== What is needed ==
Keep the pictures out of the copy and repeat the records exactly.

== Dataset records ==
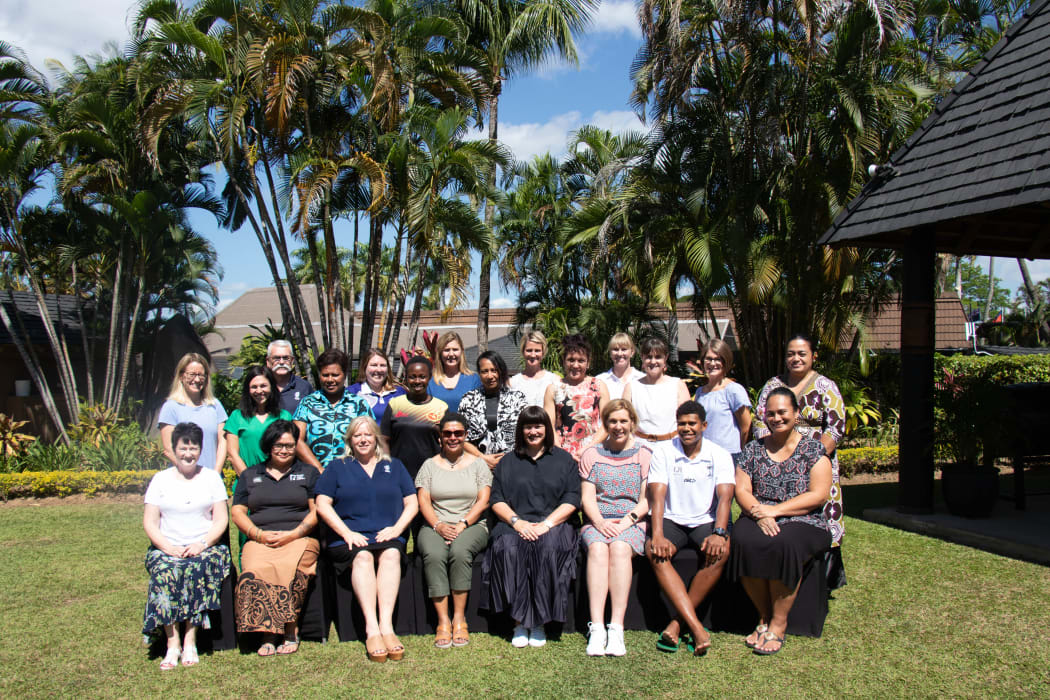 Cathy Wong (front row centre) during a Women's Leadership Forum in 2019.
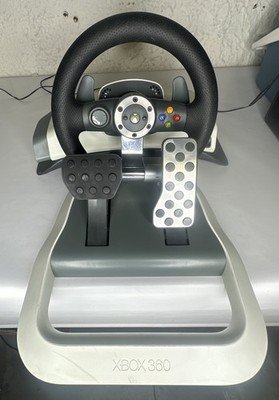 Xbox 360 Wireless Racing Steering Wheel w/ Force Feedback Pedals NO CORDS 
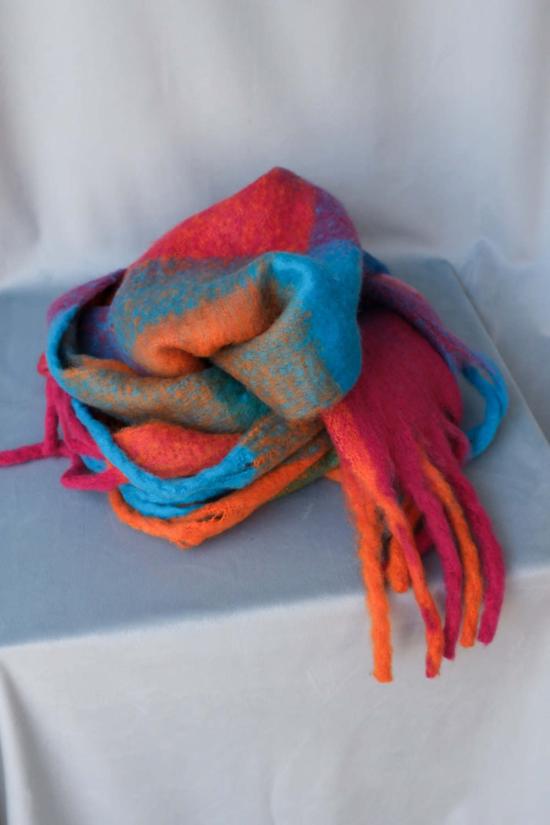  파이프앤로우 머플러/스카프 청키 플레드 스카프 레드/틸 - PIPE & ROW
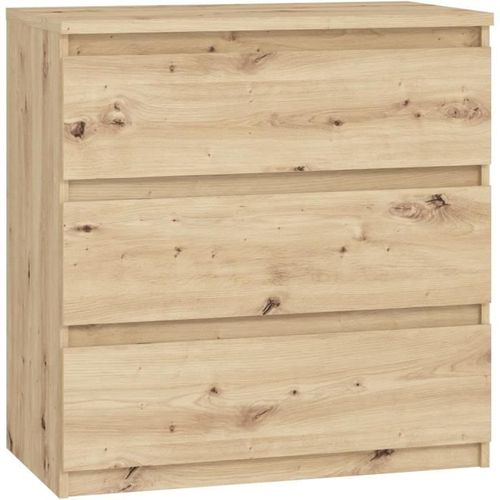 Commode Chelsea 3 Tiroirs L 77,2  X P 42  X H 79,9   Décor Chene Artisan
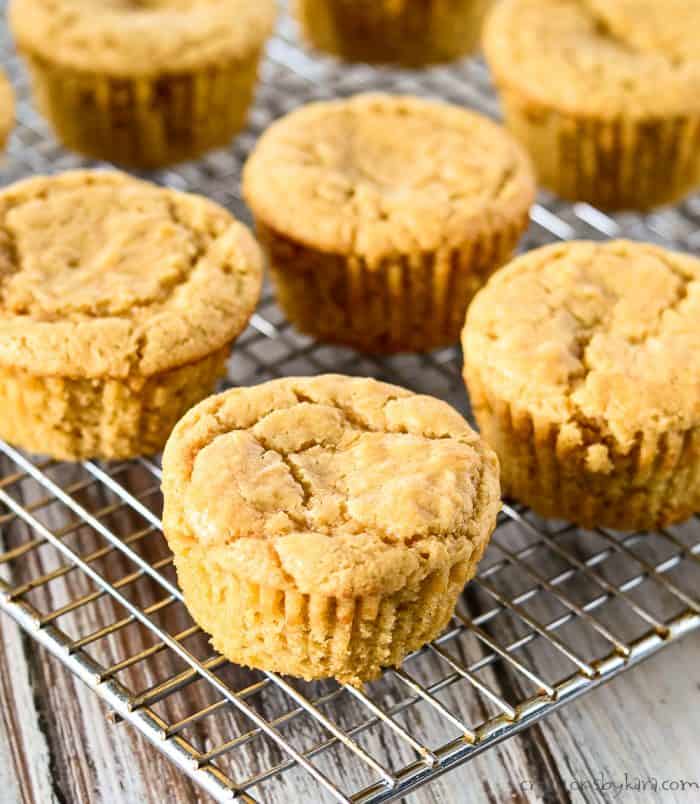 peanut butter cupcakes on a cooling rack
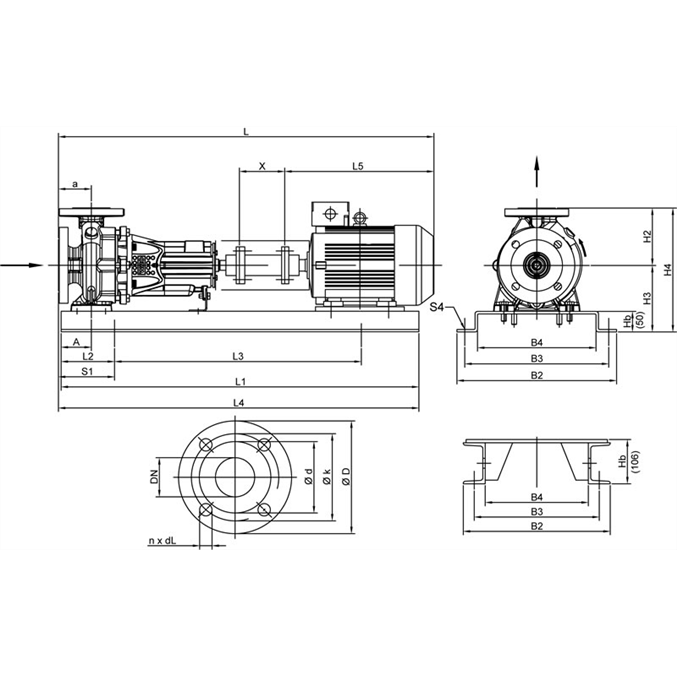 Габаритный чертеж насоса Wilo CronoNorm NL 65/250-18,5-2-12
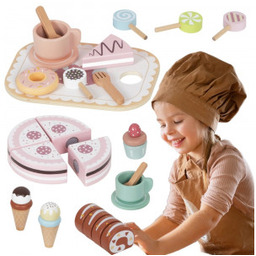 TOOKY TOY Sweet Cake Drewniany Zestaw Słodkości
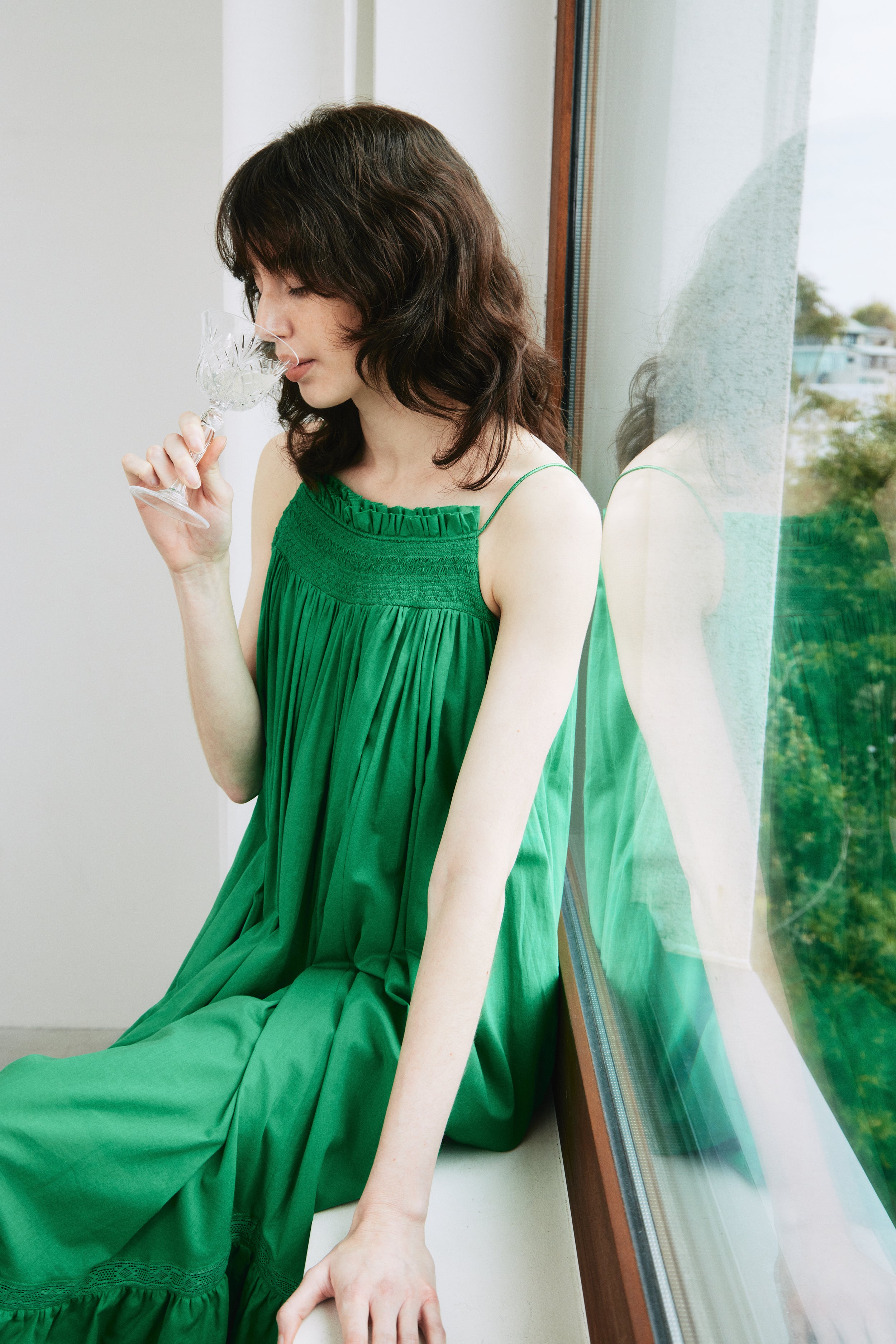 Smocking Lace Volume Dress – L'AUBE BLANC
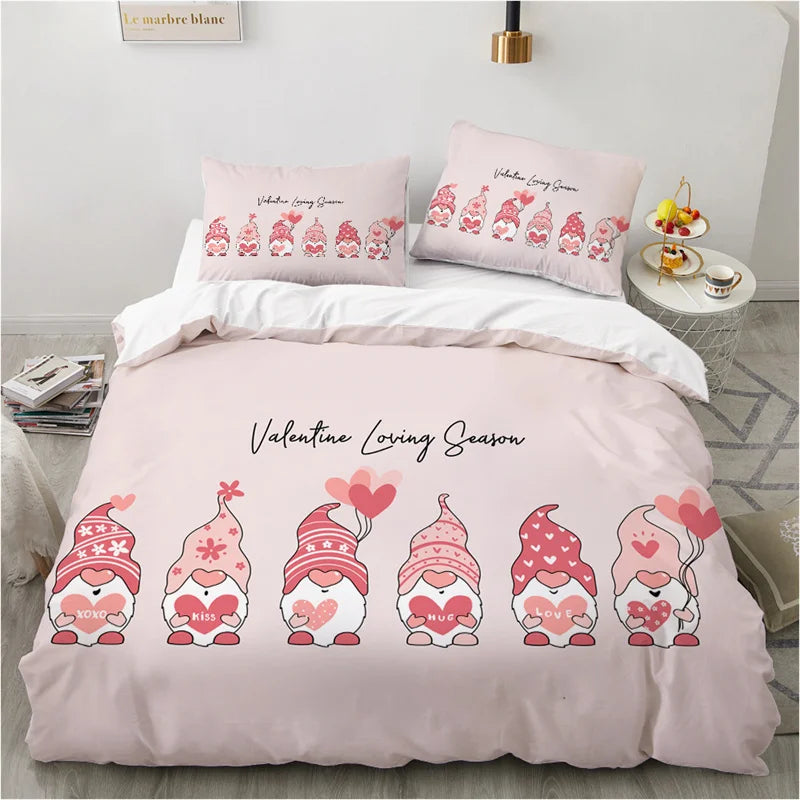 Cute Cartoon Animals Pink Toddler Bedding Set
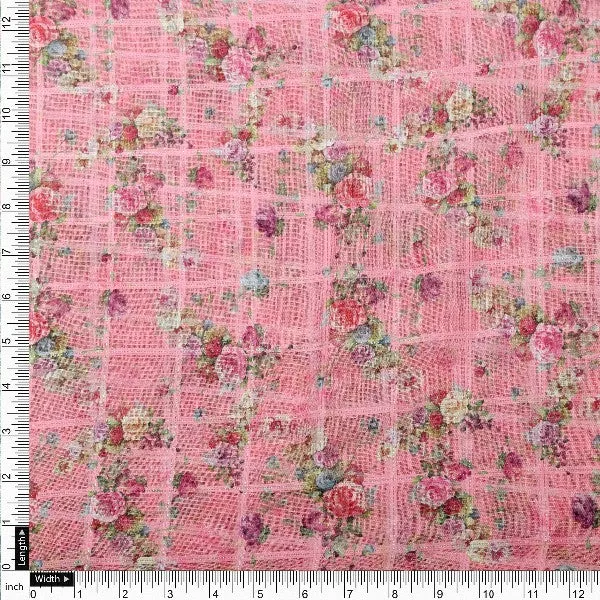 Pink Floral Grid Printed Linen Fabric - Image 4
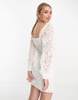 French Connection long sleeve mini dress in white lace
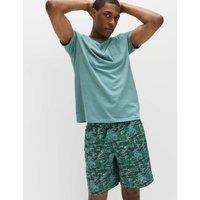 M&S Pure Cotton Cactus Print Pyjama Set Teal Mix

== Answer to the problem ==
 Cathy Wong (front row centre) during a Women's Leadership Forum in 2019.
 Xbox 360 Wireless Racing Steering Wheel w/ Force Feedback Pedals NO CORDS 
  파이프앤로우 머플러/스카프 청키 플레드 스카프 레드/틸 - PIPE & ROW
 Commode Chelsea 3 Tiroirs L 77,2  X P 42  X H 79,9   Décor Chene Artisan
 peanut butter cupcakes on a cooling rack
 Габаритный чертеж насоса Wilo CronoNorm NL 65/250-18,5-2-12
 TOOKY TOY Sweet Cake Drewniany Zestaw Słodkości
 Smocking Lace Volume Dress – L'AUBE BLANC
 Cute Cartoon Animals Pink Toddler Bedding Set
 Pink Floral Grid Printed Linen Fabric - Image 4
 French Connection long sleeve mini dress in white lace
 M&S Pure Cotton Cactus Print Pyjama Set Teal Mix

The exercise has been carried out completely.